• [Materials provided]:

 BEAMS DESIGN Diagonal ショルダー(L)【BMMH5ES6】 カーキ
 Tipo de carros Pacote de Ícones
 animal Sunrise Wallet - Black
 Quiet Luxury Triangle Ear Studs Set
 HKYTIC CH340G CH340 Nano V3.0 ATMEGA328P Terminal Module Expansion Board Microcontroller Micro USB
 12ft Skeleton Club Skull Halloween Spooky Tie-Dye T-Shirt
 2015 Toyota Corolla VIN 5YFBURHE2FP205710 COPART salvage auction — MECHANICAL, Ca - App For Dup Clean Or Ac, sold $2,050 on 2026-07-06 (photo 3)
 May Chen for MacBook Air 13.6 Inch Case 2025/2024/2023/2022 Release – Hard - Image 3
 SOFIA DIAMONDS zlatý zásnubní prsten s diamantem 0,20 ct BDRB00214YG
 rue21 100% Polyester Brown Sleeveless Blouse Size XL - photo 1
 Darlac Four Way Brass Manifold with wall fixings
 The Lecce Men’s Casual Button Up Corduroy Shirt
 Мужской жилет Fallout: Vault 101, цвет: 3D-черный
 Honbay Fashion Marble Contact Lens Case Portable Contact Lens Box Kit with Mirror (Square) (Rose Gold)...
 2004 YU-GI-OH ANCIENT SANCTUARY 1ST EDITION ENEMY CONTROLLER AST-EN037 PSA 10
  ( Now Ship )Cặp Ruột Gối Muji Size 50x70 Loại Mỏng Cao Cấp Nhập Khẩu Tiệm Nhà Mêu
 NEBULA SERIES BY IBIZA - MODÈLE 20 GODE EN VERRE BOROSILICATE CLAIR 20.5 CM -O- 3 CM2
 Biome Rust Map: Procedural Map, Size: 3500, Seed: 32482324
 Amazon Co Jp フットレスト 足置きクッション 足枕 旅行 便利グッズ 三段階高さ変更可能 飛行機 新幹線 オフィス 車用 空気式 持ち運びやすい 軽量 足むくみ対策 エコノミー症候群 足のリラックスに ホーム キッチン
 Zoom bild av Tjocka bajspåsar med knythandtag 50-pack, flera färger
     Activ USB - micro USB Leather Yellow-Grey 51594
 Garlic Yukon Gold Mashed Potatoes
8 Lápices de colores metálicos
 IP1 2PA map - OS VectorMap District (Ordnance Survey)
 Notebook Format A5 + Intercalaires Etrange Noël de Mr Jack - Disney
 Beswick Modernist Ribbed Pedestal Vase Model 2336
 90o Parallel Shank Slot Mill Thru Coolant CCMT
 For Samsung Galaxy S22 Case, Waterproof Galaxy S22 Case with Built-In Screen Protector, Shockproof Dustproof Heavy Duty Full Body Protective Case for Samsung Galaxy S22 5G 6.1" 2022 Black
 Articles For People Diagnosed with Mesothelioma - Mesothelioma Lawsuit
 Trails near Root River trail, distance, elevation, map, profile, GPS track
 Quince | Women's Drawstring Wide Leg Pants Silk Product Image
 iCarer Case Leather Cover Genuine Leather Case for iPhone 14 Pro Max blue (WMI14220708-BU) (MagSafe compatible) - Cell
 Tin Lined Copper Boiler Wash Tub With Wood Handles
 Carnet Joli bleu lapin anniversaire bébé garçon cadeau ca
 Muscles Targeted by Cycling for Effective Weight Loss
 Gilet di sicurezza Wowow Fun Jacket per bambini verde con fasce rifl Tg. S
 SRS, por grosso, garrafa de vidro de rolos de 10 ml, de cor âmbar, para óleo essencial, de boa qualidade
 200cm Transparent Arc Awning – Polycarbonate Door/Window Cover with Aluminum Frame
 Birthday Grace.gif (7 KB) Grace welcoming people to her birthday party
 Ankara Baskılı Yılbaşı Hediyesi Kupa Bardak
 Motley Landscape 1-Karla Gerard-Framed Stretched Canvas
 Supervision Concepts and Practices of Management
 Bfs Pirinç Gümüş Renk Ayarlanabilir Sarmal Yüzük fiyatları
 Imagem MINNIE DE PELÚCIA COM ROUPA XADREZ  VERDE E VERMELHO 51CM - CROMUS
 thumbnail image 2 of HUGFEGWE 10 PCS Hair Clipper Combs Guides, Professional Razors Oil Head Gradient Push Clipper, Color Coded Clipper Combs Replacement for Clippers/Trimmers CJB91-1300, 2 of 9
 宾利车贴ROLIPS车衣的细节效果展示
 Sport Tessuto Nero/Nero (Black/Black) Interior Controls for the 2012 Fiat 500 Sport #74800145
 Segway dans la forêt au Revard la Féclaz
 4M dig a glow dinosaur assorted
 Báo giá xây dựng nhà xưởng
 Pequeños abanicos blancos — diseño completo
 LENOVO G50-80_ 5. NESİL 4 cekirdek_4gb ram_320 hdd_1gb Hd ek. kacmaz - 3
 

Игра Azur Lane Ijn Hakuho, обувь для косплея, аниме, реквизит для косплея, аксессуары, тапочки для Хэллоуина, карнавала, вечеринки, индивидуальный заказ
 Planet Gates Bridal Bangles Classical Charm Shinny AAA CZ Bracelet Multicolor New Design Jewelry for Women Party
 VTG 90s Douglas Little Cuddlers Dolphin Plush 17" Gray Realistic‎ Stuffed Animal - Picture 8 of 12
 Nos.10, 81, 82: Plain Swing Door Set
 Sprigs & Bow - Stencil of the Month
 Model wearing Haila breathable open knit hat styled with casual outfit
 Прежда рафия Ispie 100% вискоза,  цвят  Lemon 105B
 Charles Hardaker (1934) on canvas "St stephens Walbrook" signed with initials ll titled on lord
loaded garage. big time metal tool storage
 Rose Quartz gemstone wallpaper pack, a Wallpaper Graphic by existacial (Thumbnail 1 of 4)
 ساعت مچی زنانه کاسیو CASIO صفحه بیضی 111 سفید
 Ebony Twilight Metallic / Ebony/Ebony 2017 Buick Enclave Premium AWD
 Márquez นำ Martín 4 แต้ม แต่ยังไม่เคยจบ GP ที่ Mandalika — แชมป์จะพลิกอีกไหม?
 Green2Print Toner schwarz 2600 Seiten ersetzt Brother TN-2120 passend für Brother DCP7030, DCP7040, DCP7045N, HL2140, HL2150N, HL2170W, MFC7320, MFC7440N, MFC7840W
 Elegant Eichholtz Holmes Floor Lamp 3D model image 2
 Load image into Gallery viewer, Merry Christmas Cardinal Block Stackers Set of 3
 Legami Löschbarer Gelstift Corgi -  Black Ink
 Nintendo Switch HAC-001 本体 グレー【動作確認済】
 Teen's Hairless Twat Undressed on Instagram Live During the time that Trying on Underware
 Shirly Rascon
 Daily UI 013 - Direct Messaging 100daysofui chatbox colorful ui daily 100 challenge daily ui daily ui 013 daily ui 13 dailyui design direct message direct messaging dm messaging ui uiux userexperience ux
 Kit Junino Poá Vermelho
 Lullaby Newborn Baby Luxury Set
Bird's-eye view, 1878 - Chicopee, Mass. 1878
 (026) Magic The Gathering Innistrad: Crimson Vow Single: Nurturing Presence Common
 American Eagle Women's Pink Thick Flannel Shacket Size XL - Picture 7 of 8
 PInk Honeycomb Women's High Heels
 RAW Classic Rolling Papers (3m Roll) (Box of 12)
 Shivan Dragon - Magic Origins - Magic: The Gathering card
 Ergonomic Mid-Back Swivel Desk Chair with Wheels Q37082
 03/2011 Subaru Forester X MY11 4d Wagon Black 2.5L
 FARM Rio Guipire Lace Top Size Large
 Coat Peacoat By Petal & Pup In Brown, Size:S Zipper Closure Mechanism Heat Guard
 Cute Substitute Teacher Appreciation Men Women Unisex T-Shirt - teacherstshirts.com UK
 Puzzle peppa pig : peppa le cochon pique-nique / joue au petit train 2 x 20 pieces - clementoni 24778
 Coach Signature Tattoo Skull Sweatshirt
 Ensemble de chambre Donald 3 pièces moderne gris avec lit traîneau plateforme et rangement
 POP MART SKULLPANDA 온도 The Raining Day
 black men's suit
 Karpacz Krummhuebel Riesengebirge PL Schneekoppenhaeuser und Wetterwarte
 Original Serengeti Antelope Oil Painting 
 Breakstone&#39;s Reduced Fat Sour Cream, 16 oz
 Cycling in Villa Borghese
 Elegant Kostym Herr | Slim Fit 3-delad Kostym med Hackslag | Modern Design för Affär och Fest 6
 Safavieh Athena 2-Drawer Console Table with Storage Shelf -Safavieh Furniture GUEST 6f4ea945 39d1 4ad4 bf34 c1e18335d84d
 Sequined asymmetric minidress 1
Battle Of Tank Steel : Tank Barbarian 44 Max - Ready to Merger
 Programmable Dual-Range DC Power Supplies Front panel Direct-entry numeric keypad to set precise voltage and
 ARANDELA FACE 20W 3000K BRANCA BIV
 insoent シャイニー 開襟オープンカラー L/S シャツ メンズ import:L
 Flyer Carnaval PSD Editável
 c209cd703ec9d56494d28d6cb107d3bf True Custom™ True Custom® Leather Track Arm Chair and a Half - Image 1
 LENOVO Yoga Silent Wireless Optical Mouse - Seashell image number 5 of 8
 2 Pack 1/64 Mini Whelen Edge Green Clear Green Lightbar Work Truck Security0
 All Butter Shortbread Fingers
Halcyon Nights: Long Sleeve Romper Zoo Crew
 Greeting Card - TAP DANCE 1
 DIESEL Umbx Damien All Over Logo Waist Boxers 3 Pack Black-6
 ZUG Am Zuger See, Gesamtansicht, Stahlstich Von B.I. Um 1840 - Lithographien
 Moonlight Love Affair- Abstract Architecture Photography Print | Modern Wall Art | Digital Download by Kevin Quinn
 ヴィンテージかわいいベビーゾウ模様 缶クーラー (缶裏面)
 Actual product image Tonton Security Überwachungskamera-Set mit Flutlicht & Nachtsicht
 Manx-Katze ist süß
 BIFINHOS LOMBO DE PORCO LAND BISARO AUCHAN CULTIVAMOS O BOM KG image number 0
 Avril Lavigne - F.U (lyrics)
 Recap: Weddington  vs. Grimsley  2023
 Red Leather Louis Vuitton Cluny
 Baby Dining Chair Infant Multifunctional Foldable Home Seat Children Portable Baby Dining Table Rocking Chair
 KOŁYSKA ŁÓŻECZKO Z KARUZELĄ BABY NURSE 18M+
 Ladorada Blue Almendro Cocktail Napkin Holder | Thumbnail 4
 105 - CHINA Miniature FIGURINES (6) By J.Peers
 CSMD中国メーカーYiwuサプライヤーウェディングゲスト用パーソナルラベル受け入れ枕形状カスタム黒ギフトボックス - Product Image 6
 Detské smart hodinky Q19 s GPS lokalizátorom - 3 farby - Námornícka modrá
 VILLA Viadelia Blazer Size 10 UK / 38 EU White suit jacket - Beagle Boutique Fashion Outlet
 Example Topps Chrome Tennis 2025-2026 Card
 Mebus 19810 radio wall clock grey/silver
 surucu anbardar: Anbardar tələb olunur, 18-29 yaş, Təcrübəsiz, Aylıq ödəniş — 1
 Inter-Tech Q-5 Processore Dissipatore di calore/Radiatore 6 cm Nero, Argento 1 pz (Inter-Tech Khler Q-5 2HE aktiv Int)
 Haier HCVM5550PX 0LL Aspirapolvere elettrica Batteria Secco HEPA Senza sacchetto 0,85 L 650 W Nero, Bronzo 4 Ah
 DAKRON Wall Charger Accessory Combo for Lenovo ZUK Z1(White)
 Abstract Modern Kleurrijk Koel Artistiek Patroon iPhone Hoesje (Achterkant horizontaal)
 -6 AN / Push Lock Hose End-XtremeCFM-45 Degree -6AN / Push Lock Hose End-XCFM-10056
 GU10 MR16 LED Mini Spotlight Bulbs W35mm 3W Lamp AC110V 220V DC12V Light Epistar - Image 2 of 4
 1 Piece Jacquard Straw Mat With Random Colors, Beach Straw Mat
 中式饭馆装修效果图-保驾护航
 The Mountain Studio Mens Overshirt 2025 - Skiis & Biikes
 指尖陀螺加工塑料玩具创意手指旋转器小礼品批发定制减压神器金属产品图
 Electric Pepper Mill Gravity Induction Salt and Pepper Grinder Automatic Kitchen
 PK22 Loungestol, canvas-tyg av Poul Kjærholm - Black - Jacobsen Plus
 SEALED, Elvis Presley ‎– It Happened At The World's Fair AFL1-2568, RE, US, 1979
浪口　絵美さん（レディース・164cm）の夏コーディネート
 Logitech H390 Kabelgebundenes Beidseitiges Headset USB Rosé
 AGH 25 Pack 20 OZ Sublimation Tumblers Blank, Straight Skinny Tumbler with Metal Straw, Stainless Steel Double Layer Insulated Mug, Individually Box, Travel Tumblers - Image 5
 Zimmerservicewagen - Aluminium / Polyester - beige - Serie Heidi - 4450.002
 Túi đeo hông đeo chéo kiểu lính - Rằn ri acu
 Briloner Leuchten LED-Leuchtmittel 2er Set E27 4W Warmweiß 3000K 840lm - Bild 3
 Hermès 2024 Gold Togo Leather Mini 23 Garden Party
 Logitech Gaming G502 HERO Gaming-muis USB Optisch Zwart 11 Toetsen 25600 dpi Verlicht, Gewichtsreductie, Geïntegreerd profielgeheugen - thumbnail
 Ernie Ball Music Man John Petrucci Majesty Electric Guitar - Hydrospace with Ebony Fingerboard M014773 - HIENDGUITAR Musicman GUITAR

• [What the task asks]:
Note each line of the entries that has "time" in it, and copy those lines.

• [Answer space]:
loaded garage. big time metal tool storage
 Teen's Hairless Twat Undressed on Instagram Live During the time that Trying on Underware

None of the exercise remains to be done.